If the group operation is denoted <>, with identity e, and the inverse of 'a'
is 'inv(a)' then you would do

    
    
        a = a0;
        b = b0;            // initial assignment
    
        a = a <> b;        // a = a0 <> b0 and b = b0.
        b = a <> inv(b);   // a = a0 <> b0 and b = a0 <> b0 <> inv(b0) = a0.
        a = inv(b) <> a;   // a = inv(a0) <> a0 <> b0 = b0 and b = a0.
    

This works when a and b are ints, which are a group with the operator '+' and
identity '0', and inverses inv(n) = -n (see [1])

It works when a and b are _nonzero_ floats, which are a group under
multiplication with identity 1.0 and inverses inv(x) = 1/x (but see [2]).

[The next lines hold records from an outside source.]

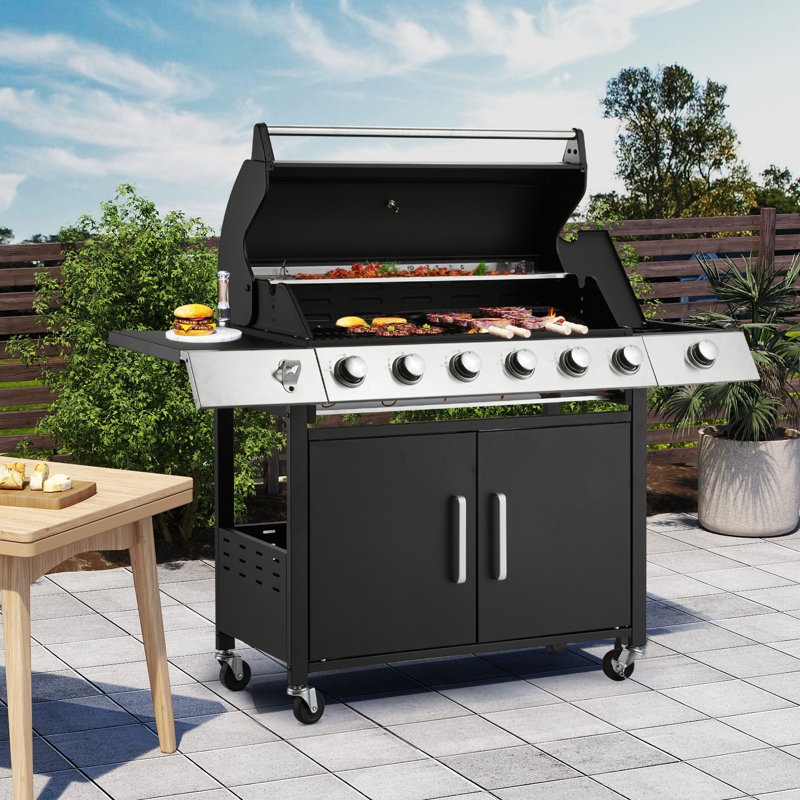 6-burner Propane Gas Grill With Side Burner
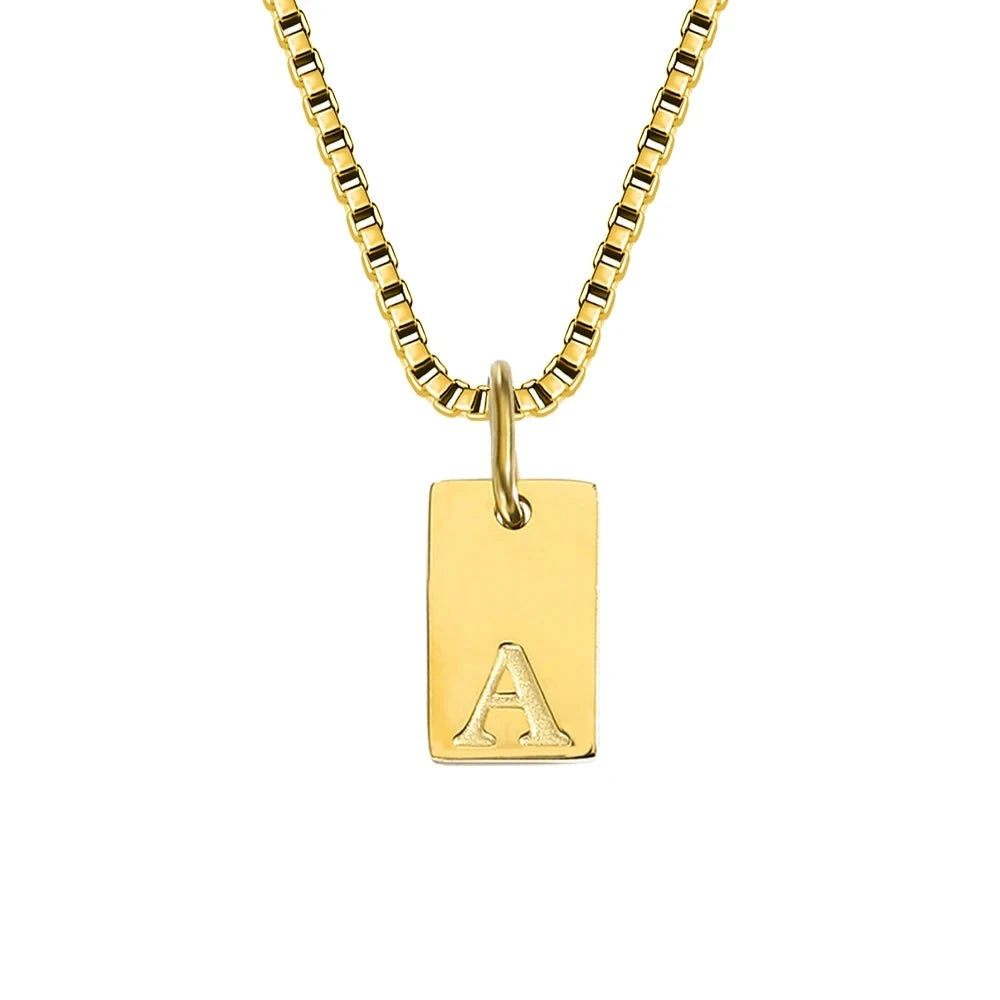 Dainty Initial Tag Necklace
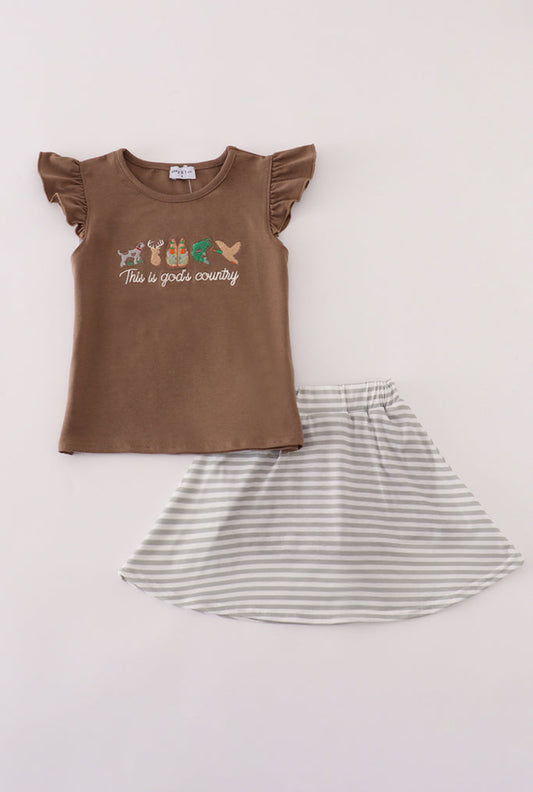 Brown God’s Country Embroidery Skort Set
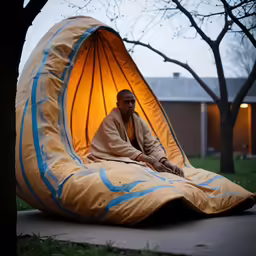 man sitting on an inflatable tent in front of a tree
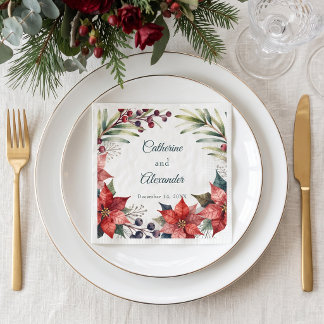 Guardanapo De Papel Casamento de Inverno com Poinsettia em Aquarela El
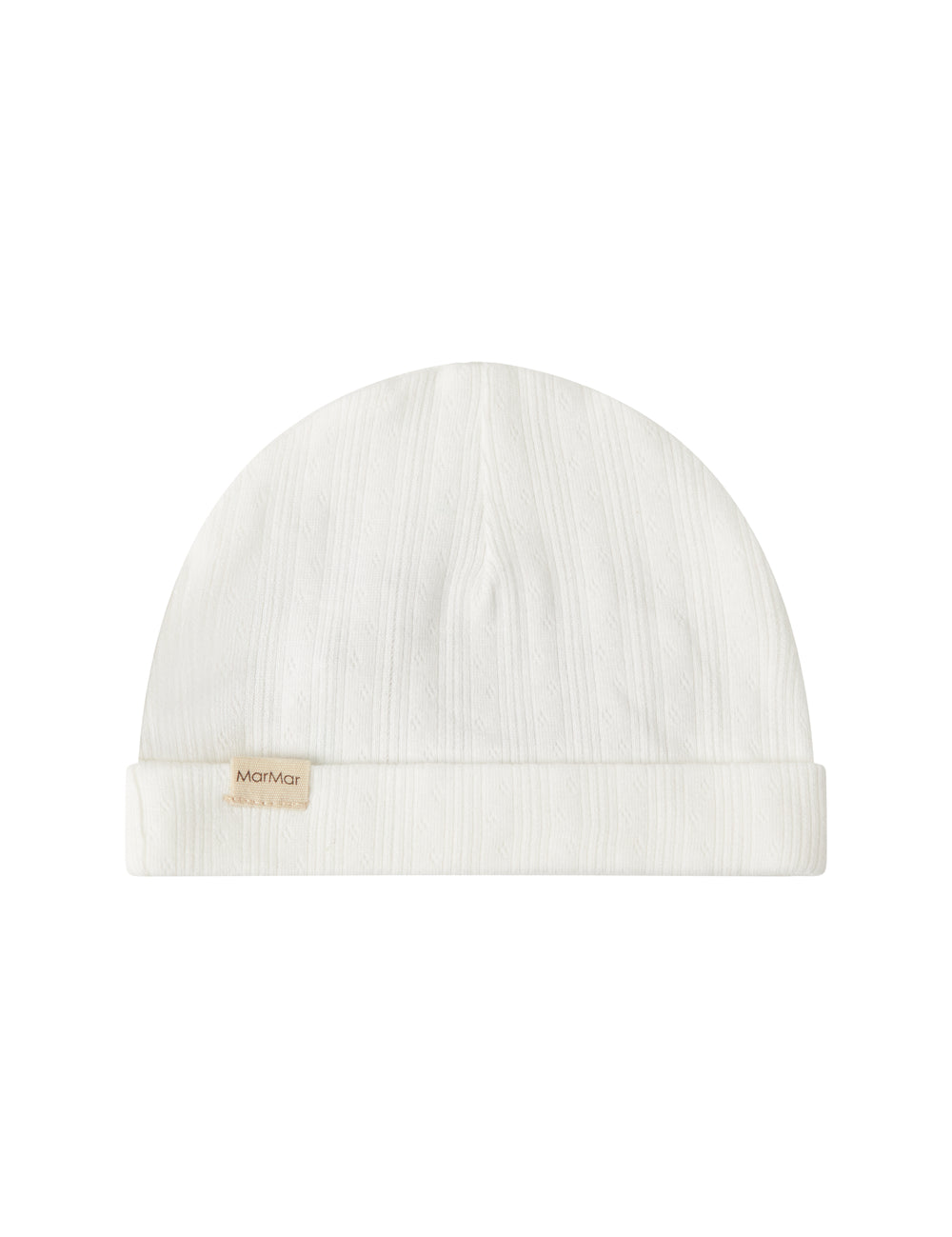 White pointelle hat for baby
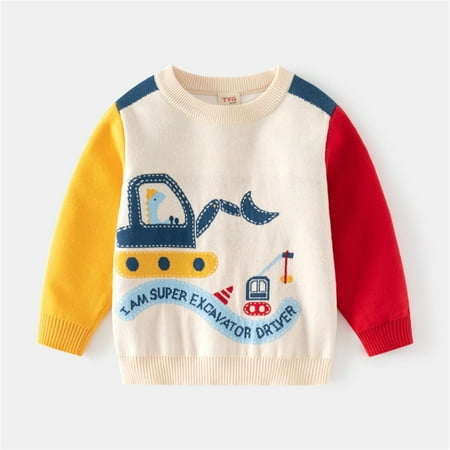 HAOTAGS Toddler Boys Crewneck Sweater Graphic Print Long Sleeve Knit Cotton Pullover Top Beige Size 4 Years
HAOTAGS Toddler Boys Crewneck Sweater Graphic Print Long Sleeve Knit Cotton Pullover Top Beige Size 4 Years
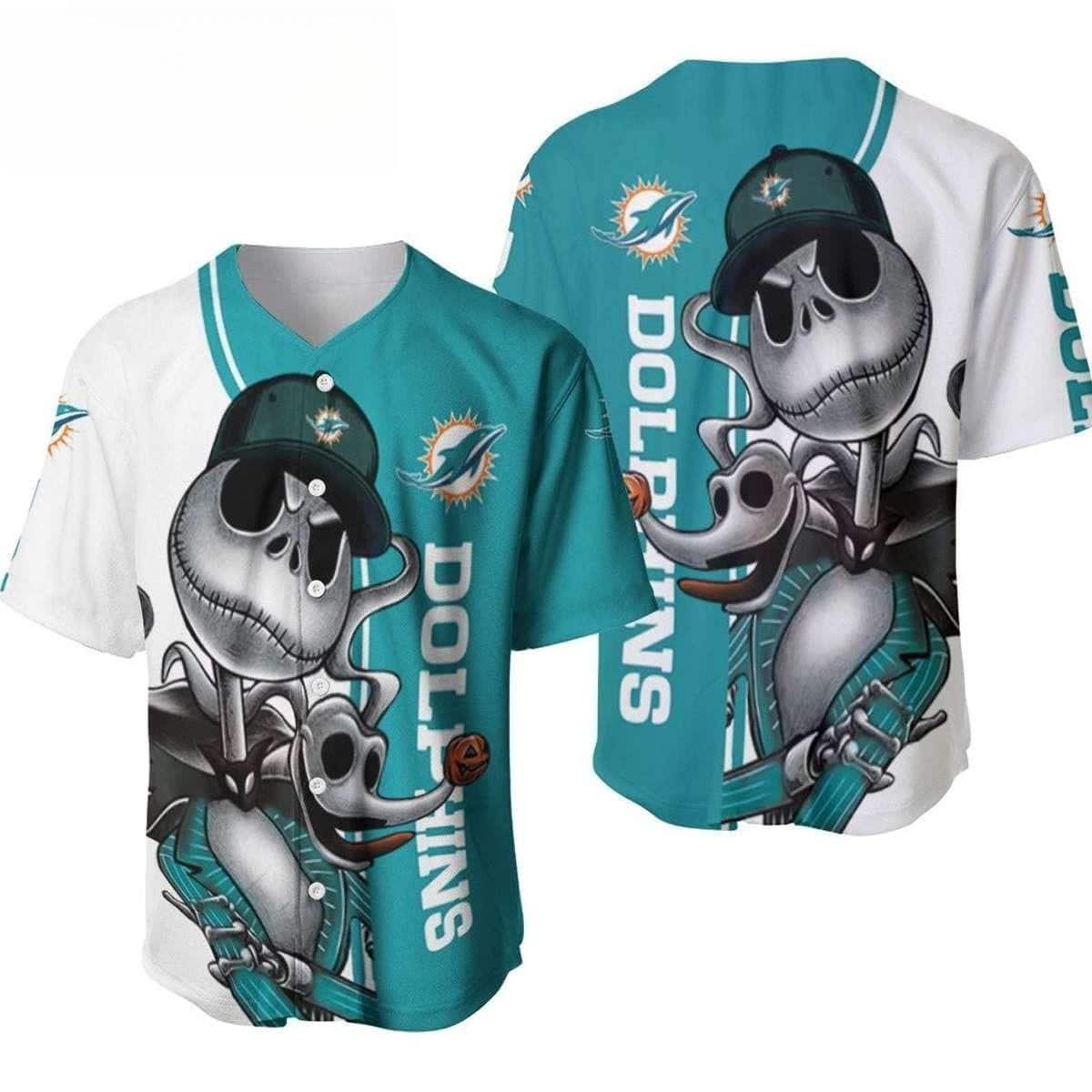 Awesome NFL Miami Dolphins Baseball Jersey Jack Skellington And Zero Gift For Boyfriend Birthday Awesome NFL Miami Dolphins Baseball Jersey Jack Skellington And Zero Gift For Boyfriend Birthday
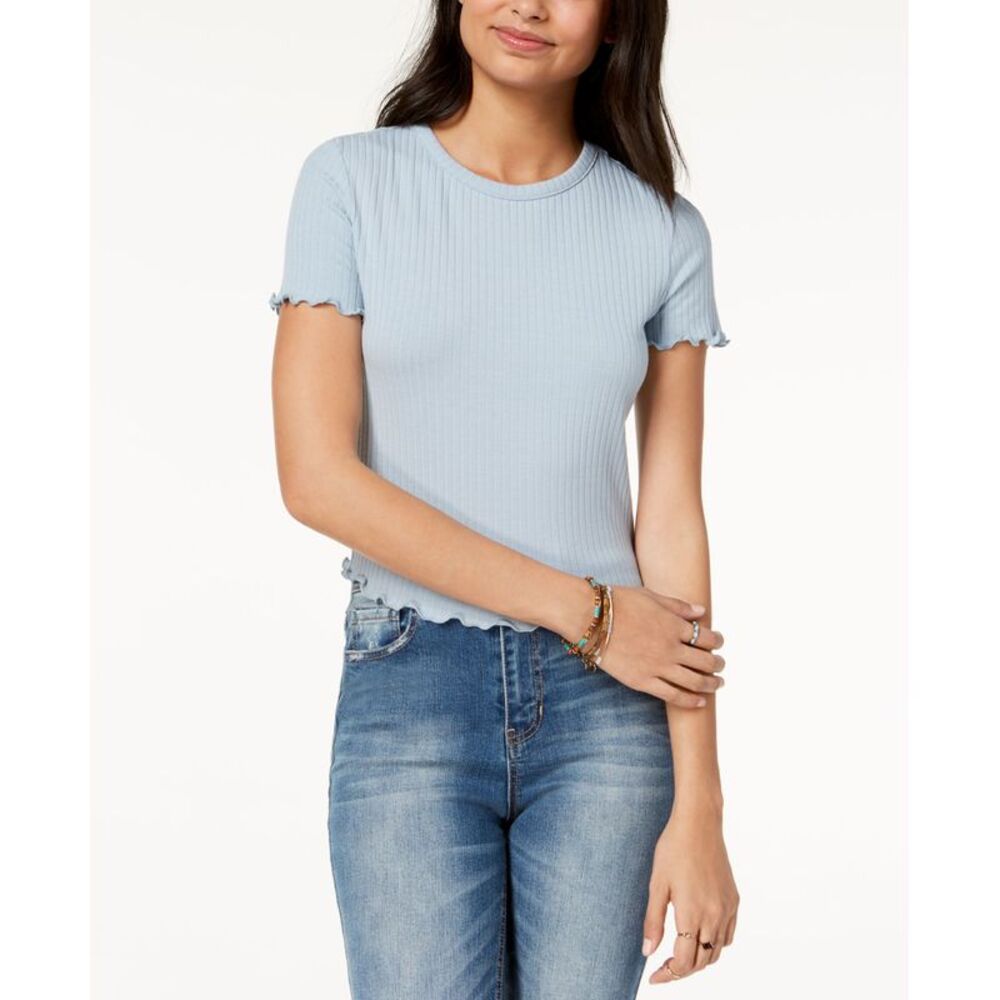 American Rag Juniors Lettuce Edge Lace Up Crop Top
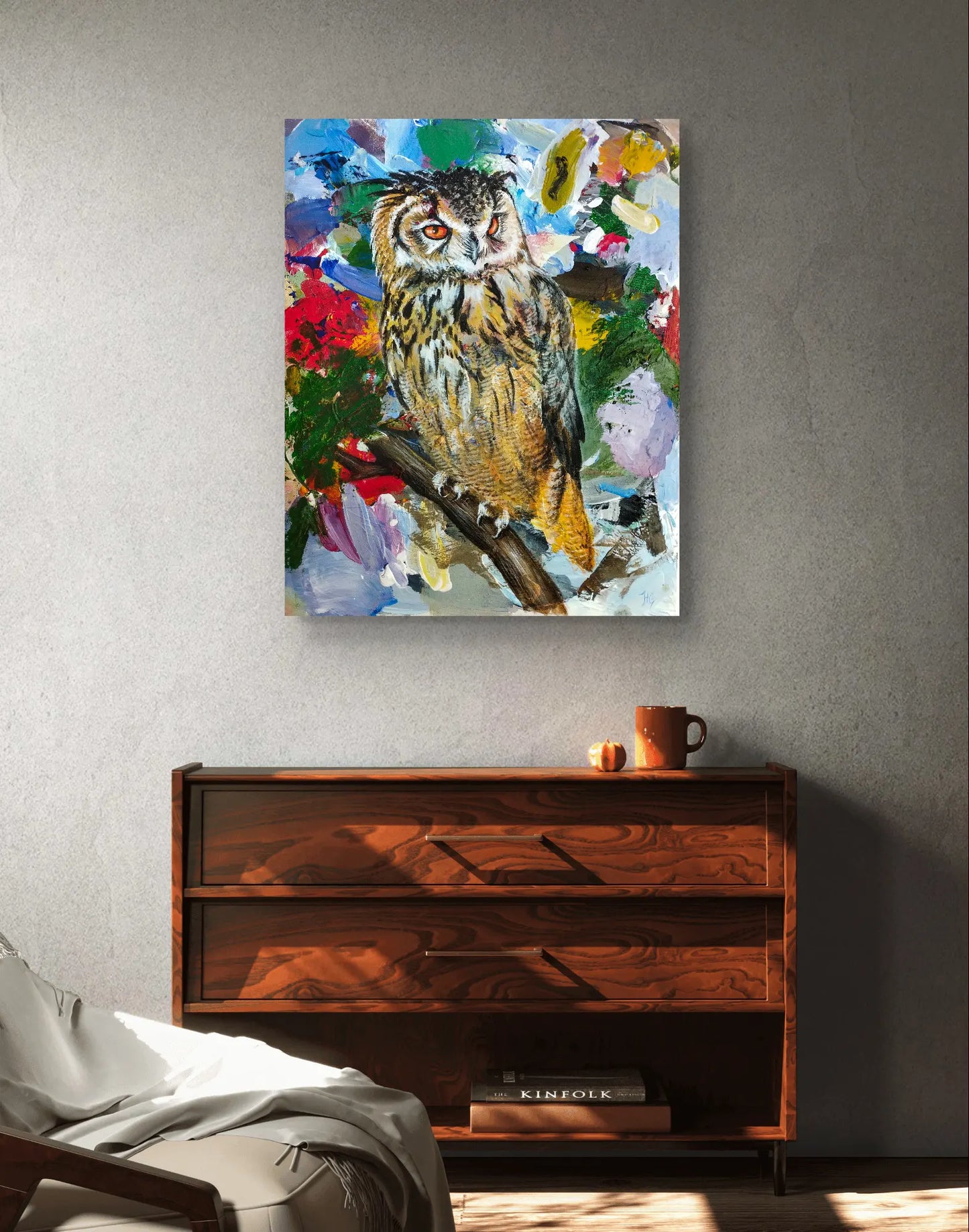 Gemälde Uhu – handgemaltes Original Acrylbild (40 x 50 cm)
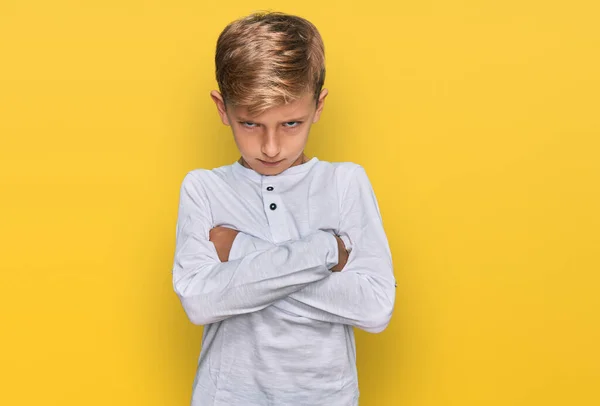 Little Caucasian Boy Kid Wearing Casual Clothes Skeptic Nervous Disapproving — Stock Photo, Image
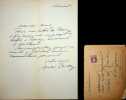Lettre autographe sign&eacute;e &agrave; l'&eacute;crivain L&eacute;o Larguier. Andr&eacute; Billy (1882-1971), &eacute;crivain, membre de l'Acad&eacute;mie Goncourt. 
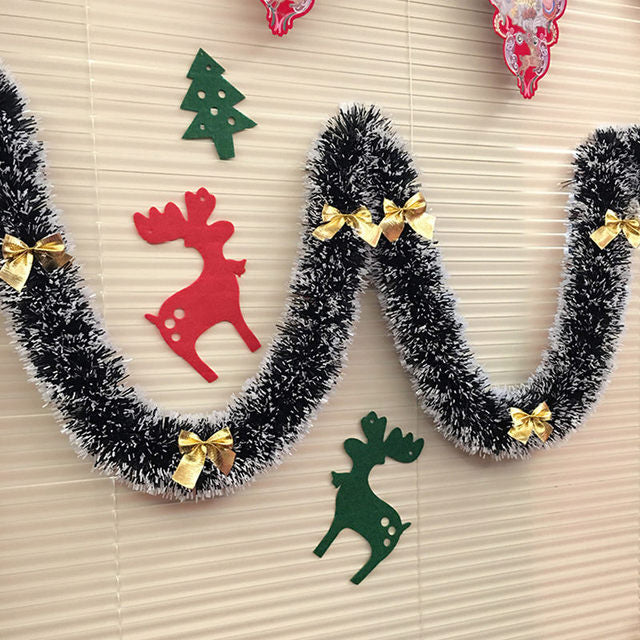 200m Floral Christmas Decoration with Ribbon Bow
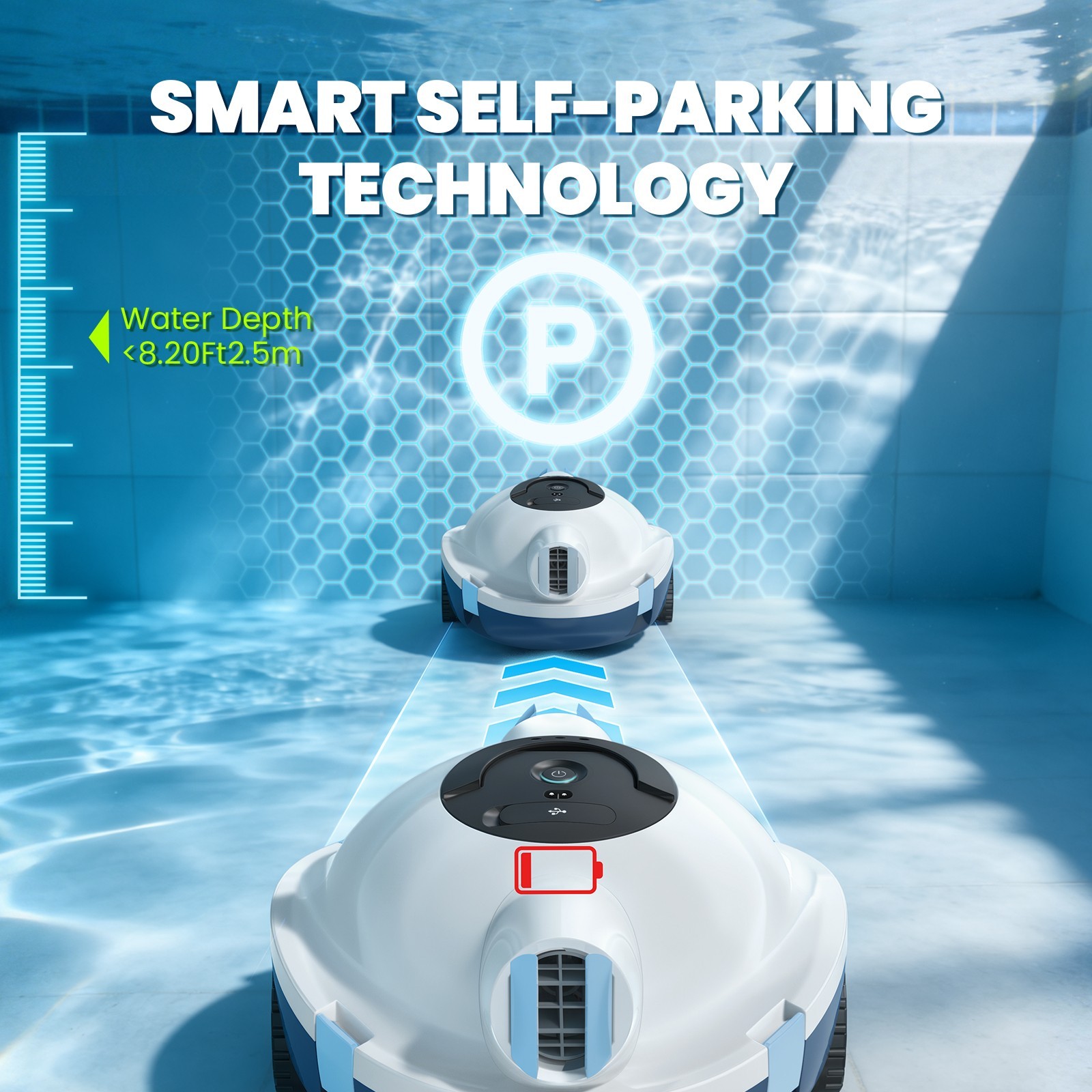 INSE Cordless Pool Vacuum Robot for Home Commercial Pools, Long Lasting Battery,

It works when a and b have fixed-length binary representations, because fixed-
length binary strings are a group where the operation is xor (or '^') and
inv(x) = x.

It works when a and b are matrices of the same dimension, which form a group
in two different ways - under matrix addition, where the inverse is
elementwise negation, and under matrix multiplication (if a and b are
nonsingular) where the inverse is the regular matrix inverse [3].

Note that in my third line, the right-hand side of the assignment is inv(b) <>
a, whereas all the examples in the blog post used a <> inv(b). They were
implicitly assuming a commutative group (i.e. a <> b == b <> a for all a and
b) whereas my procedure works even for non-commutative groups, e.g. matrices
under matrix multiplication.

 _Edit_ : Obviously, if you actually use this in real code... WAT.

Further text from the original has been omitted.